In a recent blog post, he said the practice is costing consumers in those regions $1 billion a year.

Of the 100 GW, "every coal plant I looked at operated uneconomically for at least a month," he said. "Some of the worst actors operated uneconomically every month."

Receiving value or getting ‘fleeced’?

Utilities and grid operators dismiss any notion that consumers are being shortchanged.

Bruce Rew, vice president of operations for Little Rock, Ark.-based SPP, said determining whether self-commitment of generating units into the day-ahead markets provides a net value to consumers requires taking a longer-term view of the issue.

"The total cost and value that the self-commits bring are more than just looking at a simplistic view of the energy side of it," he said.

The simplest example of why units are self-committed to run is nuclear plants, Rew said.

"They are averse to being turned off and on," he said. "So a nuclear unit in our market is self-committed."

While Rew defended the practice for nuclear plants in SPP, the bulk of self-committed plants in the region burn coal. In some instances, generating units may have contracts that require them to burn a certain amount of fuel.

In other cases, they may have high startup costs that preclude them from being shut off and restarted over a 24-hour period.

Over a longer period, however, units may be economical.

"It may be a really cheap-energy unit, but we wouldn’t commit it because of the high startup cost," Rew said. "So a unit like that would need to self-commit so that they can get into the market so they can deliver this cheap energy."

Rew said the share of energy from generating units that self-commit has fallen over the past couple of years because of changes in market rules.

MISO, meanwhile, is "tracking this industry-wide discussion with our stakeholders and monitoring state proceedings on the issue," spokeswoman Julie Munsell said in an emailed statement.

The Midwest grid operator is also examining how it can "enhance visibility" into the anticipated capacity needs for multiple days to better assess the longer-term economics of units with high startup costs.

In Minnesota, the PUC asked investor-owned utilities for three years of data, including the amount of energy self-committed or self-scheduled and the difference between production costs and market prices.

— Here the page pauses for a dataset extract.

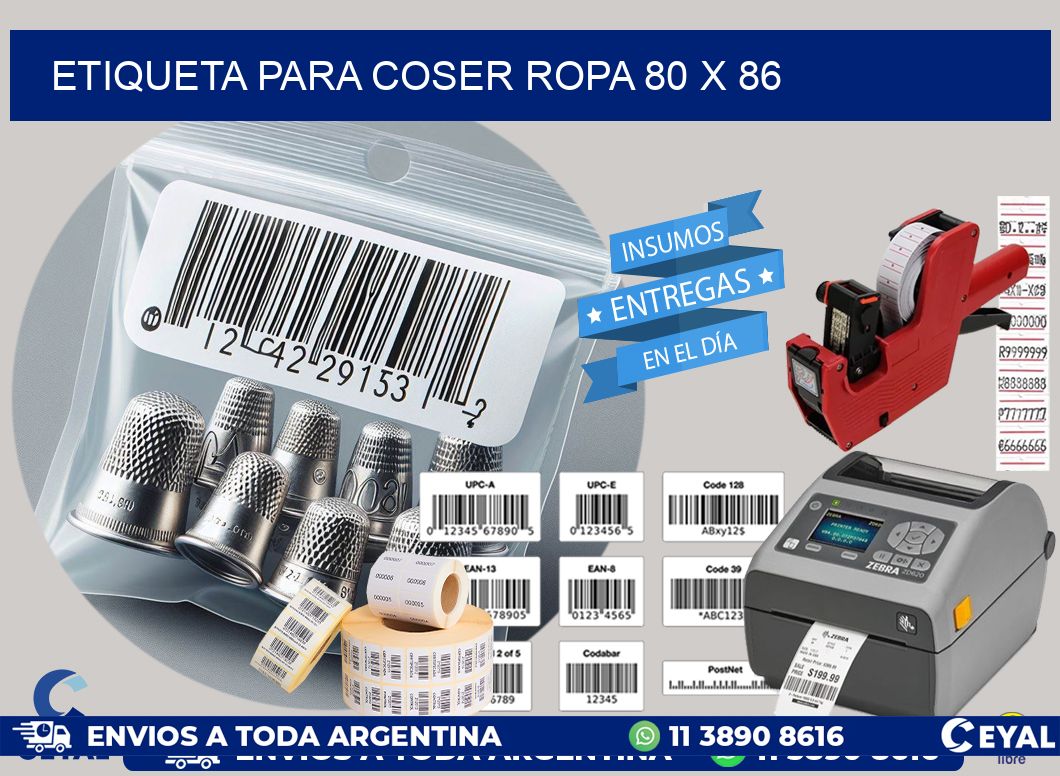 ETIQUETA PARA COSER ROPA 80 x 86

Each utility defended self-committing or self-scheduling generating units given the limitations of grid operator rules.

Minnesota Power said in a filing with the PUC that self-scheduling of its 1,000-MW Boswell coal plant has reduced customer costs in 2017 and 2018 by a total of $23 million. At certain off-peak hours, there was a net cost to customers, the utility said.

Xcel Energy Inc. likewise said market revenue from self-commitment of Minnesota nuclear and coal plants exceeded the plants’ production costs by more than $500 million over the last two years.

Xcel said the data "represents an appropriate metric for determining whether the company’s self-commitment decisions were beneficial and … demonstrates that the company’s customers received value as a result of its decision to self-commit the baseload resources."

Minneapolis-based Xcel also said that MISO’s rules under which generating units are committed 24 hours at a time can result in "potential uneconomic cycling of units with long lead times or high startup costs."

In its order last week, the Missouri PSC has given utilities until June 28 to provide data, and the commission staff will produce a report by mid-August.

Although it’s yet unclear what regulators in Minnesota and Missouri will do with the information they’re gathering, Daniel of UCS said he is encouraged to see regulators asking questions.

"Commissions are uniquely positioned to navigate this issue," he said. "It has implications for transmission planning, it has implications for emissions and how we value renewable resources. But first and foremost, it’s about consumers being fleeced."